Over the past few days I have asked this question to people on Instagram and have gotten a myriad of answers. Some people adamantly believe, Yes, the house that I own and live in is definitely an asset, and then they name their reasons. Others say absolutely not- the house that I own and live in is not an asset. Although they are not against people buying homes, which is an important event in our lives, they don't believe that it's an asset. So, which way do we go? Who do we believe? In a relative world, there doesn't seem to be an absolute answers. It really depends on the situation and we, as investors, have to choose for ourselves. It is PERSONAL finance after all. In the following blog post, I'll share some of the arguments that I have heard for and against the idea of a house being an asset. I leave it up to you, the reader, to choose which perspective works best for your goals.
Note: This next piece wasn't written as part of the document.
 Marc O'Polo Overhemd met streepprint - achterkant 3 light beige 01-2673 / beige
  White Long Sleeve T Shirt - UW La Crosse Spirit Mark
My entire life I've been told by teachers, family members, finance friends, accountant friends, banker friends, the government, etc, that a house certainly is an asset. A big reason is because you can finally OWN your own living space. You no longer have to pay rent and pay for someone else's mortgage. This is a fair point as ownership is an important part in determining if something is an asset. We put money down, maybe 10-20% towards a mortgage and then slowly, month by month, pay the bank for more ownership of the house. We pay off the principle and interest and 15-30 years later we own our home. It's OURS. And in that 15-30 year time frame the house has also appreciated in value. Maybe it's worth double or even triple what we paid for. In some neighborhoods, mortgage payments are less expensive than rent payments and the value of houses have increased by 7-8 times their worth in 20 years. So, when we sell the house we can make a profit and hence it puts money into our pockets. Also, in that 15-30 year time frame, the house has put a roof over our head through good times and bad. So obviously it's an asset.
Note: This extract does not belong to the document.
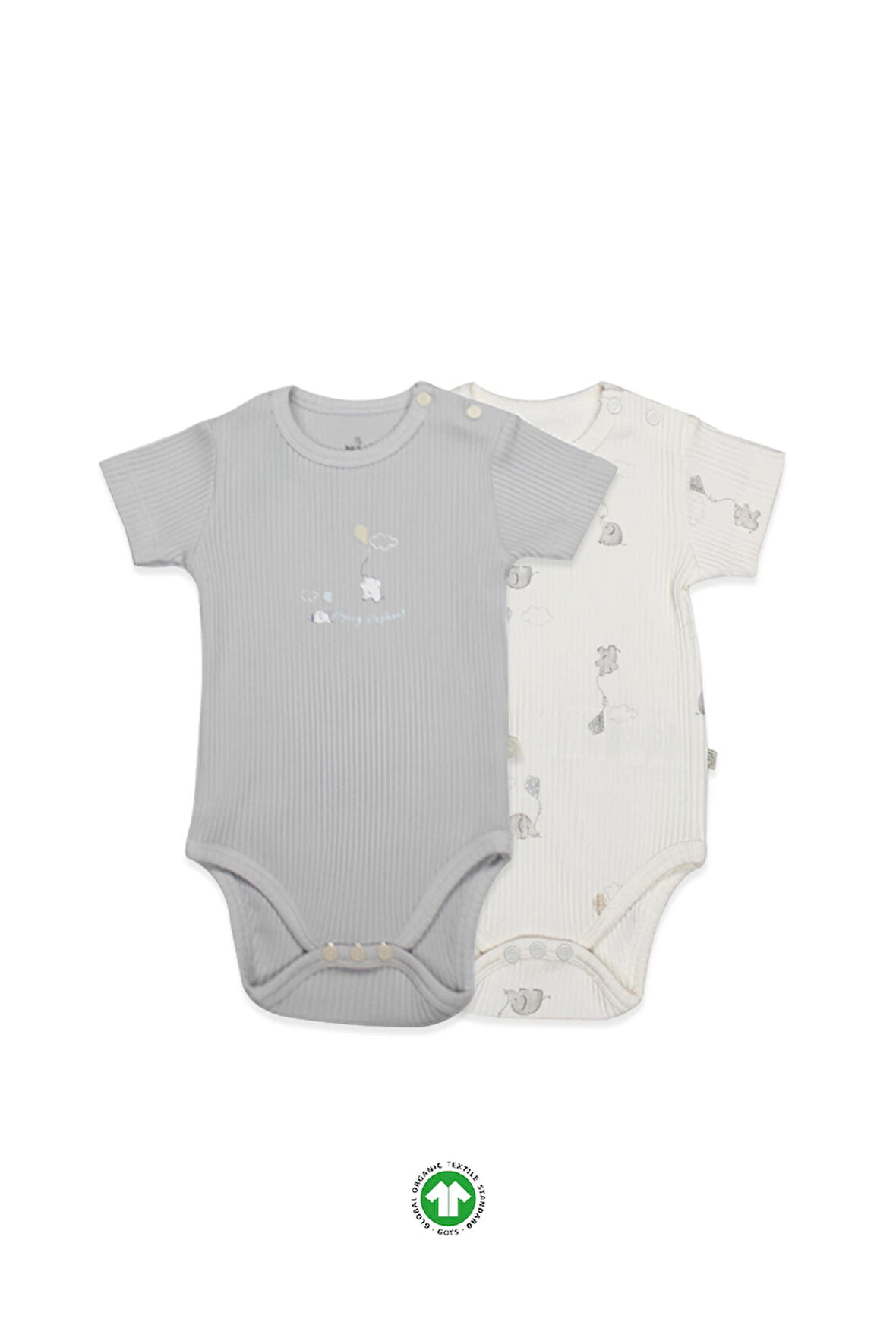 Bistyle Flying Elephant Yarım Kol 2'li Body 17116 Ekru Gri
Others have argued that a house is an asset because you can live in it for a year, flip it, and sell it for profit. My accounting and corporate friends have argued that THE HOME is an asset and that the mortgage is an offsetting liability. In the long run as you pay off the mortgage you gain equity and once the mortgage is completely paid off you can borrow against the value of your house and put up your house as collateral. With that loan you can buy other assets to grow your portfolio. These all seem like stories that we've all probably been taught through our personal and professional relationships as well as our schooling.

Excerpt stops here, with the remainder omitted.